Components of the speech and data communication with GSM  –   components for speech are shown in blue,  those for data in red, and common blocks in green






  1. Speech signals are compressed by speech coding by factor  $8$   ⇒   from  $104 \ \rm kbit/s$  to  $13 \ \rm kbit/s$.  The bit rate given in the graph is for the full rate codec,  which delivers exactly  $260$  bits per speech frame  $($duration  $T_{\rm R} = 20\ \rm ms)$ .
  2. The  »AMR codec«  delivers in highest mode  $R_{\rm B}=12.2 \ \rm kbit/s$   ⇒   $244$  bits per speech frame.  However,  the speech codec must also transmit additional information regarding the mode   ⇒   so the data rate before channel coding is  $13 \ \rm kbit/s$ .
  3. Task of the dashed  »Voice Activity Detection«  is to decide whether the current speech frame actually contains a speech signal or just a pause during which the power of the transmit amplifier should be turned down.
  4. By  »channel coding«  redundancy is added again to allow error correction at the receiver   ⇒   the channel encoder  outputs  $456$  bits per frame,  resulting in the data rate  $22.8 \ \rm kbit/s$ . The more important bits are specially protected.
  5. The  »interleaver«  scrambles the resulting bit sequence to reduce burst error influence.  The  $456$  input bits are split into four time frames of  $114$  bits each.  Thus,  two consecutive bits are always transmitted in two different bursts.
  6. A  »data channel«  – marked in red in the figure – differs from a speech channel  $($marked in blue$)$  only by the different input rate  $(9.6 \ \rm kbit/s$  instead of  $104 \ \rm kbit/s)$  and the use of a second,  outer channel encoder instead of the speech encoder.

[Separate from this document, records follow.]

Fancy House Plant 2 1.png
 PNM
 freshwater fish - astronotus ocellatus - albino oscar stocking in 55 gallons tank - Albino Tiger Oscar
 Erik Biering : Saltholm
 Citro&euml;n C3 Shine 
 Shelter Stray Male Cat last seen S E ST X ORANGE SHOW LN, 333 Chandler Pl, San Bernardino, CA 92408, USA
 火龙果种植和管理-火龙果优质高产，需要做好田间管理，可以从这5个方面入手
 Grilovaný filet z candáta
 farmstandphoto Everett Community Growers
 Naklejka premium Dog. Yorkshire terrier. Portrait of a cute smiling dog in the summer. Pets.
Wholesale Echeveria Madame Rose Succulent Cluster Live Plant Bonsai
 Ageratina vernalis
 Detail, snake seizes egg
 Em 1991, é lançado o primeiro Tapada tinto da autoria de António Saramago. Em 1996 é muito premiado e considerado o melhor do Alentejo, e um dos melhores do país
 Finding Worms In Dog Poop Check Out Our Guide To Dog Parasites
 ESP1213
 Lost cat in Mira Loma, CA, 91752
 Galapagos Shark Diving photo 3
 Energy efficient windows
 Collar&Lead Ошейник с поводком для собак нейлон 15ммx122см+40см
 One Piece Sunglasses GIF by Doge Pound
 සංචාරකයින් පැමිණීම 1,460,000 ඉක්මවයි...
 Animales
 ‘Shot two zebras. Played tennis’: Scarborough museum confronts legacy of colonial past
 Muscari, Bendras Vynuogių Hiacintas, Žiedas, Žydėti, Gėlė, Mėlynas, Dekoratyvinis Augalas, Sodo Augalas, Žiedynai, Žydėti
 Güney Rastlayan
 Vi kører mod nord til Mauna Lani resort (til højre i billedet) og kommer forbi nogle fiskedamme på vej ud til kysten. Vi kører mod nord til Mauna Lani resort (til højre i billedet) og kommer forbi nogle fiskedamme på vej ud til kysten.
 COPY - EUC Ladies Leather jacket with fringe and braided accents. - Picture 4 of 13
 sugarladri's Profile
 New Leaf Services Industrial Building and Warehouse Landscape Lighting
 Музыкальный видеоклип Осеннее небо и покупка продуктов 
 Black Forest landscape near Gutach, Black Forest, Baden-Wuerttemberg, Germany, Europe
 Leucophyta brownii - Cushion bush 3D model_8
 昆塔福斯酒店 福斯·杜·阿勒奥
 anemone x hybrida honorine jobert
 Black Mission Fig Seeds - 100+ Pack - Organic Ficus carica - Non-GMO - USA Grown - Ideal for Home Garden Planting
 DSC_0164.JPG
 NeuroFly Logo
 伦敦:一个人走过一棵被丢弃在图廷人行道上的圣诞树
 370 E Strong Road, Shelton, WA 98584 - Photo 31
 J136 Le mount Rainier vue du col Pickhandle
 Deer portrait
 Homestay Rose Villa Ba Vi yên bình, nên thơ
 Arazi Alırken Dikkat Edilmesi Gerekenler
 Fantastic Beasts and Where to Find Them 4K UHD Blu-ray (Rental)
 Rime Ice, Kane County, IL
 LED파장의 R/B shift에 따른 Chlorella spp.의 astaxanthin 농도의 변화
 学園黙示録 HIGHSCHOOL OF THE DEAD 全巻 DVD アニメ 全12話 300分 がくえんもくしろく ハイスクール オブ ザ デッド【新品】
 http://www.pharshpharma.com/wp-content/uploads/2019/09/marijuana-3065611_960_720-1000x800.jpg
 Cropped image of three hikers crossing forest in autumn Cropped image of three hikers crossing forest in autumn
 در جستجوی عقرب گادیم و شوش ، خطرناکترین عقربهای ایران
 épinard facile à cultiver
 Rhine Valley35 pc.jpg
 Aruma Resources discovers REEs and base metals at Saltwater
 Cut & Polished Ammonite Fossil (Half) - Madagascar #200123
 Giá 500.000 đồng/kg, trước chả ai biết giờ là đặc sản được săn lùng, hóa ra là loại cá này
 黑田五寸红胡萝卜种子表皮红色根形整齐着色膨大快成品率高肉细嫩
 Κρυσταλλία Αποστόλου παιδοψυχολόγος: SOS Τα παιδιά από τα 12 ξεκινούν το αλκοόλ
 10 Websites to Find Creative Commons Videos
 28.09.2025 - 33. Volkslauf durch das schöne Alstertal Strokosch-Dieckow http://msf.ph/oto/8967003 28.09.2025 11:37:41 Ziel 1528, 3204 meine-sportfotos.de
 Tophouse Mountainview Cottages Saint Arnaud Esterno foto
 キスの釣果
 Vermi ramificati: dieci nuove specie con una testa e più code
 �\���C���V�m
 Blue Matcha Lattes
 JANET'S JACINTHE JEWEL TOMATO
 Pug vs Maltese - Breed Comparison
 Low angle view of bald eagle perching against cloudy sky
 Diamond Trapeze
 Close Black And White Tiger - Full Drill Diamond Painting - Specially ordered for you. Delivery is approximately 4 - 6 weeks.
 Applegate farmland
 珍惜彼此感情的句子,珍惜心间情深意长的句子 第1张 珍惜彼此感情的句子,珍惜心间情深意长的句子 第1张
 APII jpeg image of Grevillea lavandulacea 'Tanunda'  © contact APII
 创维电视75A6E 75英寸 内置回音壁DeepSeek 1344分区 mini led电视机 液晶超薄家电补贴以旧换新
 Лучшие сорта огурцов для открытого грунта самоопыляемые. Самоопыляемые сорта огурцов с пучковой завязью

The components highlighted in green apply equally to speech and data transmission.

⇒   The first common system component for speech and data transmission in the block diagram of the GSM transmitter is the  »encryption«,  which is intended to prevent unauthorized persons from gaining access to the data.  There are two fundamentally different encryption methods:

  • »Symmetric encryption«:  This knows only one secret key,  which is used both for encrypting and enciphering the messages in the transmitter and for decrypting and deciphering them in the receiver.  The key must be generated prior to communication and exchanged between the communication partners via a secure channel.  The advantage of this encryption method used in conventional GSM is that it works very quickly.
  • »Asymmetric encryption«:  This method uses two independent but matching asymmetric keys.  It is not possible to use one key to calculate the other.  The  "public key"  is publicly available and is used for encryption.  The  "private key"  is secret and used for decryption.  In contrast to the symmetric encryption methods,  the asymmetric methods are much slower,  but also offer higher security.


⇒   The second green block is the  »burst composition«,  where there are different burst types.  In a  "normal burst"  the  $114$  encoded,  scrambled and encrypted bits are mapped to  $156.25$  bits by  $($duration  $T_{\rm burst} = 576.9 \ \rm µ s)$  adding the  "guard period",  signaling bits,  etc.

These are transmitted within a time slot of duration  $T_{\rm Z} = T_{\rm burst}$  by means of the  modulation method  "GMSK".  This results in the gross data rate  $270.833 \ \rm kbit/s$.

At the receiver side there are in reverse order the blocks  "demodulation" – "burst de-composition" – "de-cryption" – "de-interleaving" – "channel decoding" – "speech decoding".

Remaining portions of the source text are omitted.